#### WHAT YOU WILL DO
Look below for the line containing "Unpack the device.". Write out that line and the rest through the last one, exactly as they appear, but without pictures.

#### SUPPLIED MATERIAL

Content starts

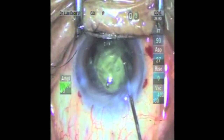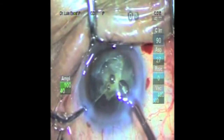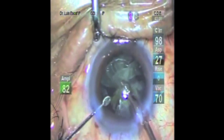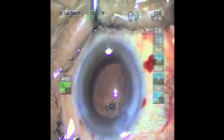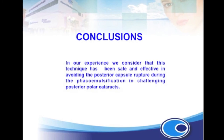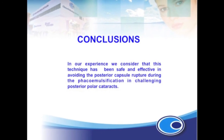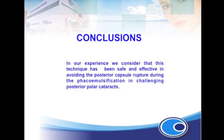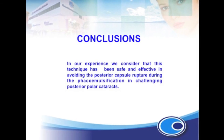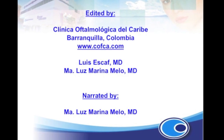We introduce dispersive viscoelastic to gently detach the posterior plate. The procedure is completed using the Akahoshi phacoemulsification tip. We can see the imprint and the posterior capsule remains intact. We believe this approach to the posterior polar cataract is a logical strategy — effective, safe, easy, and a reproducible method for handling these cases.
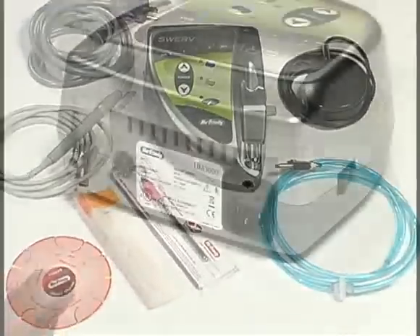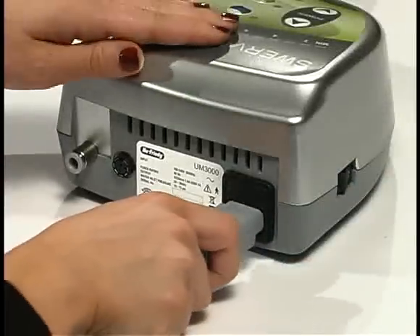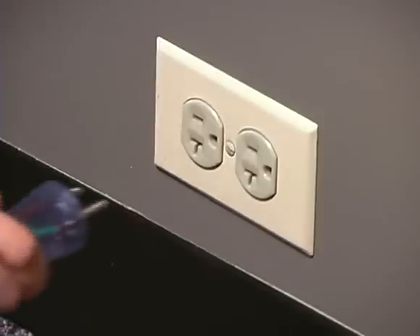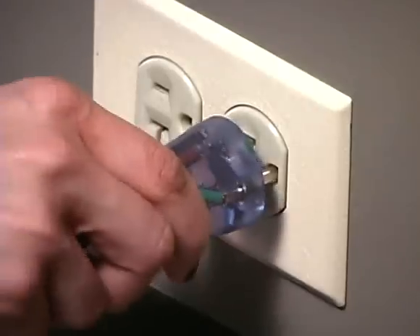Unpack the device. Insert the power cord into the inlet at the back of the control unit. Plug the power cord into the power receptacle or wall outlet.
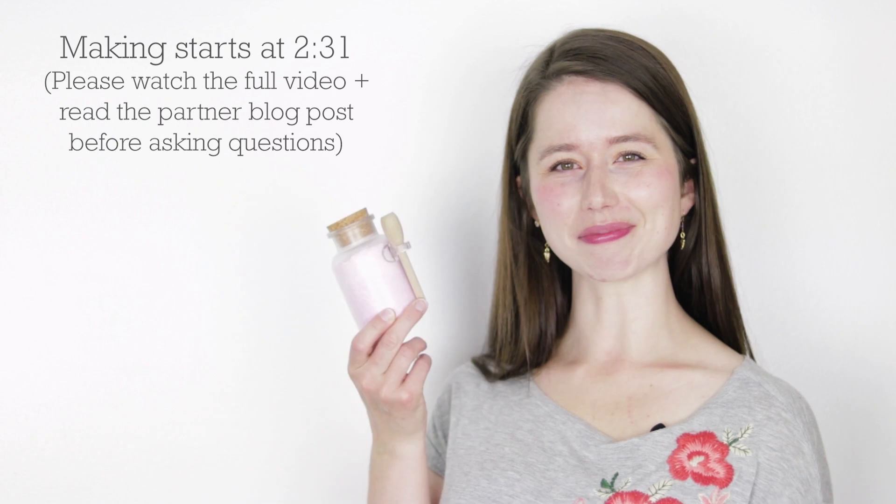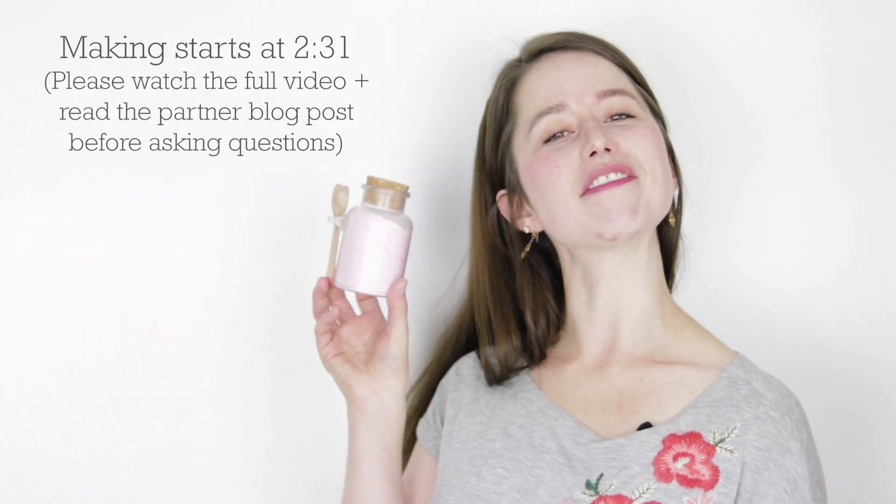Hey Beavs, I'm Marie from Humblebee and Me, and today we are making some Lavender Oat Foaming Bath Salts. I've made a lot of things over the years, but I honestly haven't made much in the way of bath salts, so this was a fun new challenge for me.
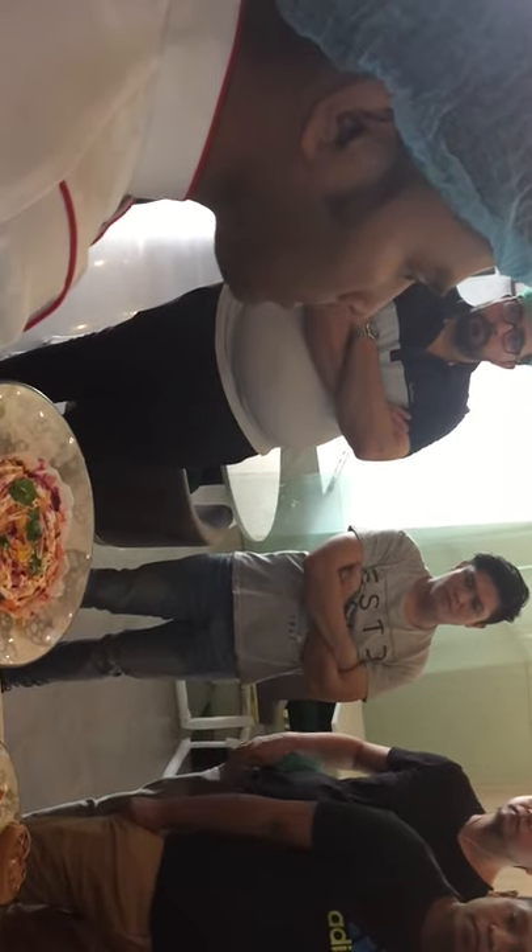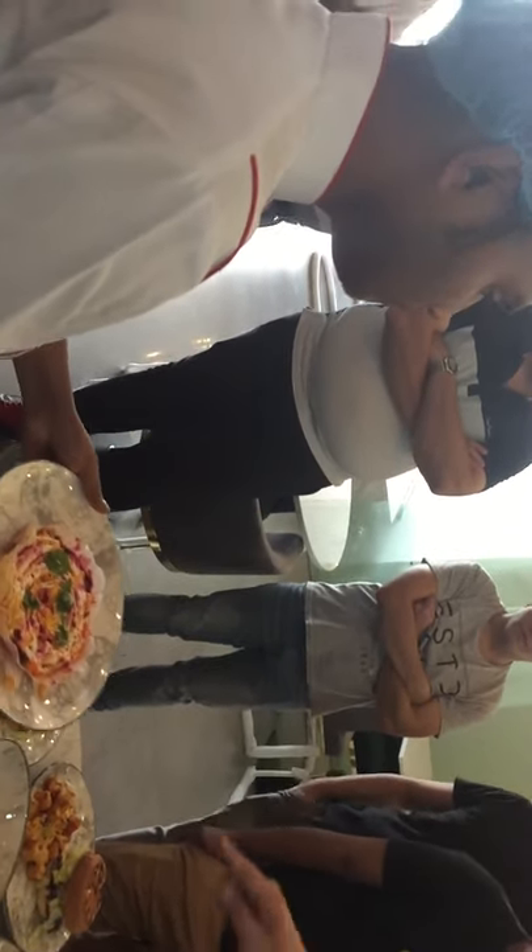This is the spicy meal, with chili flakes and parsley. This one is the spicy meal.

Content ends

#### SOLUTION TO THIS PROBLEM
Unpack the device. Insert the power cord into the inlet at the back of the control unit. Plug the power cord into the power receptacle or wall outlet.
Hey Beavs, I'm Marie from Humblebee and Me, and today we are making some Lavender Oat Foaming Bath Salts. I've made a lot of things over the years, but I honestly haven't made much in the way of bath salts, so this was a fun new challenge for me.
This is the spicy meal, with chili flakes and parsley. This one is the spicy meal.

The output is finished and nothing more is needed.